Problem:
When you repeat the listing, keep every character as it is.

Collected material:

• • • •

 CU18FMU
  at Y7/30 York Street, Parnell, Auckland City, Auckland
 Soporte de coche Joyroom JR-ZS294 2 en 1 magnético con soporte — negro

• • • •

Reply:
 CU18FMU
  at Y7/30 York Street, Parnell, Auckland City, Auckland
 Soporte de coche Joyroom JR-ZS294 2 en 1 magnético con soporte — negro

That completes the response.